Comment your code

QR codeIt doesn’t matter if you write proprietary or open source code, comments in your code are very important (somehow even more important than readability and functional correspondence to the client’s needs). This is especially true if someone else is supposed or will, one day, look at your code, re-use your code and/or build upon your code.

For example, despite the fact that this source code header explained what the whole source is doing, you can’t tell what processing is done in this paragraph:

           MOVE SPACES TO IDTCLO-L1 OF ACXB01
                          IDTCLO-L2 OF ACXB01
                          IDTCLO-L3 OF ACXB01.
           @ZOBLIG, IDTCLO OF ACXB01, IDTCLO-V OF ACXB01-V.
           @CLR1, "01", "**", IDTCLO OF ACXB01, "3", "Y", "Y", "N",, \
                  IDTCLO-V OF ACXB01-V.
           MOVE IDTCLO    OF CLR1   TO IDTCLO    OF ACXB01.
           MOVE IDTCLO-L1 OF CLR1   TO IDTCLO-L1 OF ACXB01.
           MOVE IDTCLO-L2 OF CLR1   TO IDTCLO-L2 OF ACXB01.
           MOVE IDTCLO-L3 OF CLR1   TO IDTCLO-L3 OF ACXB01.
           MOVE NUMCLO OF CLD01-01  TO NUMCLO    OF TS-INTE.
           INITIALIZE ACD0B-01.
           MOVE NUMCLO OF TS-INTE TO NUMCLO OF ACD0B-01.
           MOVE REFACE OF ACXB01   TO REFACE OF ACD0B-01.
           @READ, "1", ACD0B-01, XX.
           IF ACCESS-OK
              @ERREUR, IDTCLI-V OF ACXB01-V, "ACXX0001"
           END-IF.

This code is definitely not readable. It first uses a standard nomenclature for variables, it uses macros with a good number of unknown variables, we don’t exactly know what can cause an error while accessing the table in the last lines, etc. This is only an example ; you can find this behaviour in many other programming languages.
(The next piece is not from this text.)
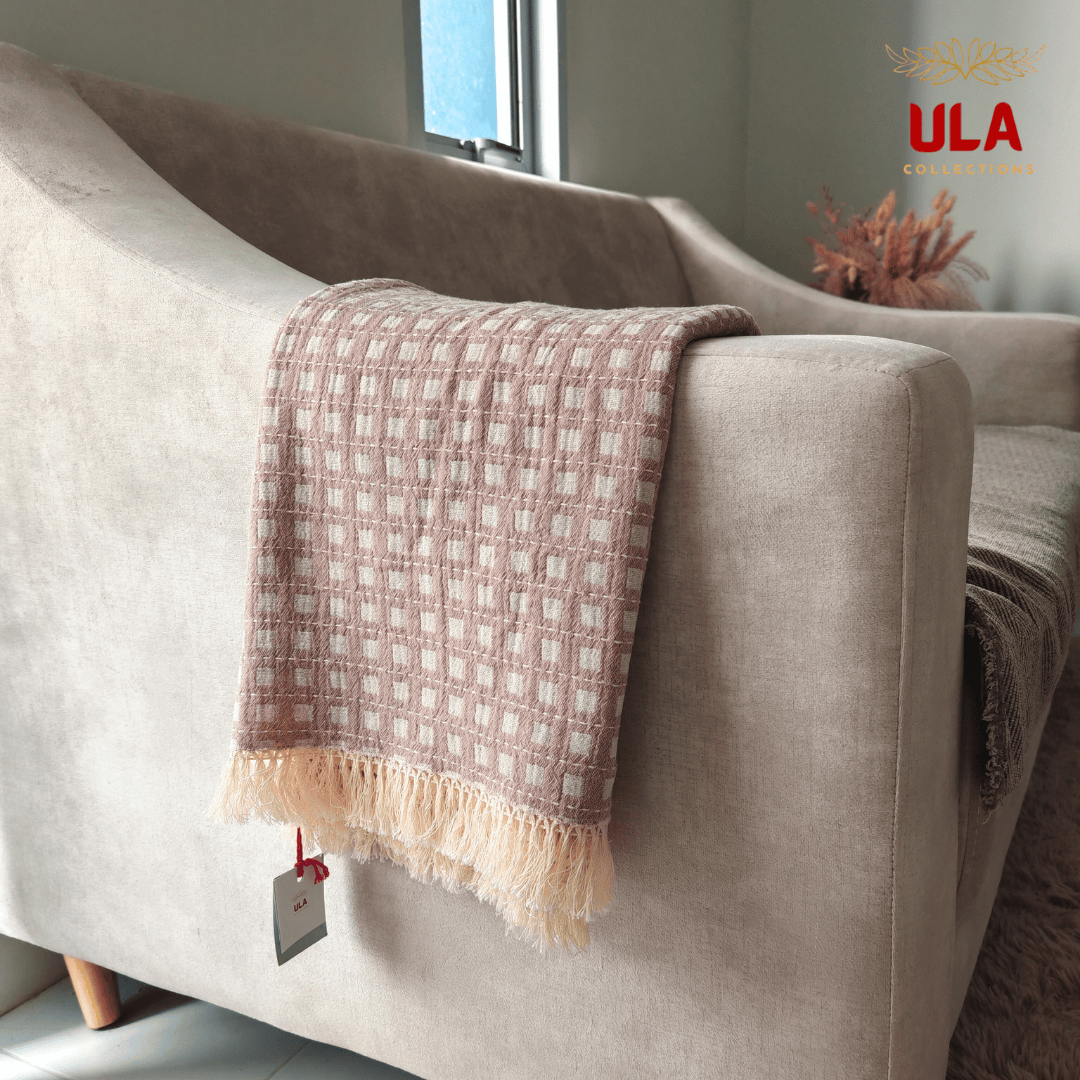 Close-up of ULA Collections plum taupe/pinkish brown throw blanket with white checkered weave and cream fringe, folded over the arm of a curved beige sofa.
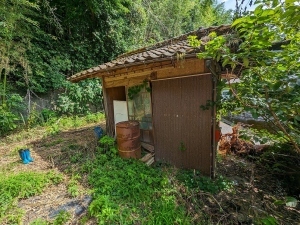 庭に一部残された小屋のようなものが建っている様子の写真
That’s a reason why I really like tools to auto-generate comments and documentation (like Javadoc, pydoc, etc.). The documentation is in the code and it usually doesn’t block code reading while adequately describing what a section/paragraph/function does. And the tools can generate properly formatted documentation in a lightweight format (usually HTML+CSS, not heavy MS-Word documents). One nice thing: you don’t need to send the code and the documentation for review or upgrade: just send the code and your addressee will automatically get the documentation (s/he will be able to automatically generate it). And, in 2 years, people will still understand what you wrote and they won’t need a specialist to reverse-engineer your code.

By spending a little bit of your precious time to comment your code, others will get a better understanding of what you did and your project, as a whole, will save an impressive amount of time (time that you can spend on a terrace with a refreshing drinks).

Photo: “quote” by Bonnie Peirce (CC-by-nc)

5 thoughts on “Comment your code

  1. The picture on the upper right of my post is a QRCode, a bar code in 2 dimensions mainly used in Japan. Wikipedia has an entry about it: http://en.wikipedia.org/wiki/QR_Code . It’s a photo made by Bonnie Peirce on Flickr, the photo is licensed under the Creative Common Attribution-Noncommercial 2.0 license. If you decode it, you’ll read “I want minimum information given with maximum politeness”, a quote of Jacqueline Kennedy Onassis.

  2. Yep, works on my mobile. The picture is a bit too small on the blog but if I take the original one, I can read the quote.